The CIA has launched a podcast called The Langley Files, and it’s even more boring and cringe than we could have imagined — but it also inadvertently reveals a level of mediocrity in the agency commonly suspected but rarely seen.

To spare the American public, Breitbart News has accepted the undertaking of listening to the four episodes released so far and can report that they broadcast an agency in embarrassing decline.

The show is hosted by “Dee” and “Walter” — last names presumably omitted for maximum super secret, super cool spy effect — who don’t disclose their role at the agency, but are probably millennial comms staff.

“At CIA, there are truths we can share and stories we can tell — stories of duty and dedication, stories of ingenuity and mission, stories beyond those of Hollywood scripts and shadowed whispers,” Dee says, as the first, “unclassified” episode opens. “Today, we’re taking a step out from behind those shadows, sharing what we can, and offering a glimpse into the world of the Central Intelligence Agency.”

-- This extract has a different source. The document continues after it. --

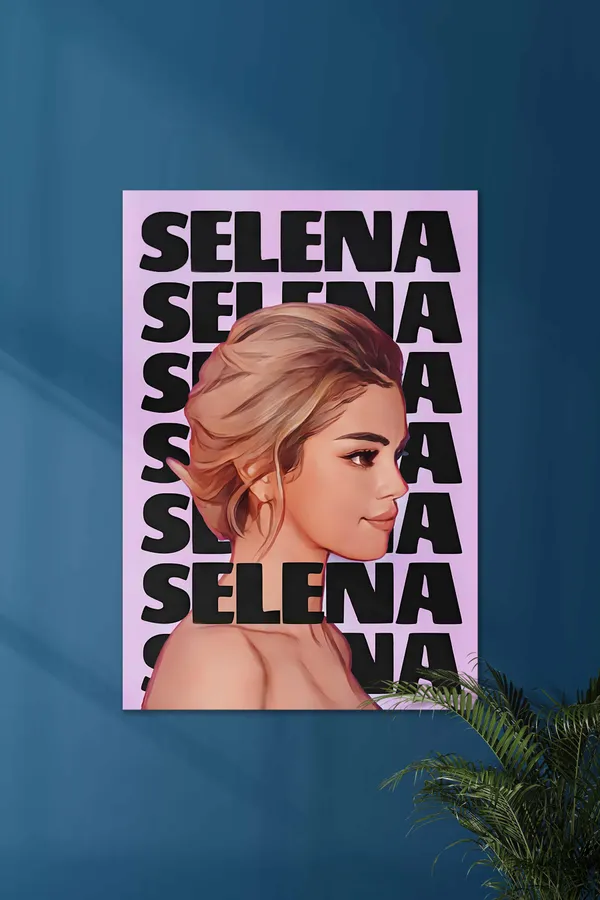 Selena_Pop_Artist_Music_Artist_Poster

Walter then introduces his first guest, CIA Director Bill Burns, who opens by acknowledging that “trust in institutions is in short supply,” and then proceeds for the following 15 minutes to patronize listeners with thinly-disguised propaganda and cloying personal anecdotes.

Burns — who by all appearances looks like the quintessential D.C. bureaucrat — helpfully informs us that he doesn’t “exactly fit the image” of James Bond and Jason Bourne, saying that he actually drives a “2013 Subaru Outback” and struggles to work his Roku.

Bill Burns, nominee for Central Intelligence Agency director, testifies during his Senate confirmation hearing on Feb. 24, 2021, in Washington, DC. (Tom Williams/AP)

Burns then goes on to tout the agency’s work helping Ukraine and the strike against Ayman al Zawahiri last summer — but stops just short of mentioning some of his agency’s other greatest hits, like the intelligence snafu leading to the droning of an innocent man and his children in Kabul just following the spectacular intelligence failure that was the Afghanistan withdrawal in the summer of 2021. The withdrawal debacle does come up later in the episode, but Burns awkwardly glazes over any responsibility his agency might have had, grouping himself with those who sacrificed their lives in the conflict, saying, “we” did “our duty” and “honored our profound obligation.”

Afghan people climb atop a plane as they wait at the Kabul airport on August 16, 2021, after a stunningly swift end to the United States’ 20-year war in Afghanistan, as thousands of people mobbed the city’s airport trying to flee. (Wakil Kohsar/AFP via Getty Images)

Afghans inspect damage done to the Ahmadi family home after a U.S. drone strike in Kabul, Afghanistan, on August 29. The Pentagon announced on September 17, 2021, that a review revealed that only civilians were killed in the drone strike, not an Islamic State extremist. (AP Photo/Khwaja Tawfiq Sediqi)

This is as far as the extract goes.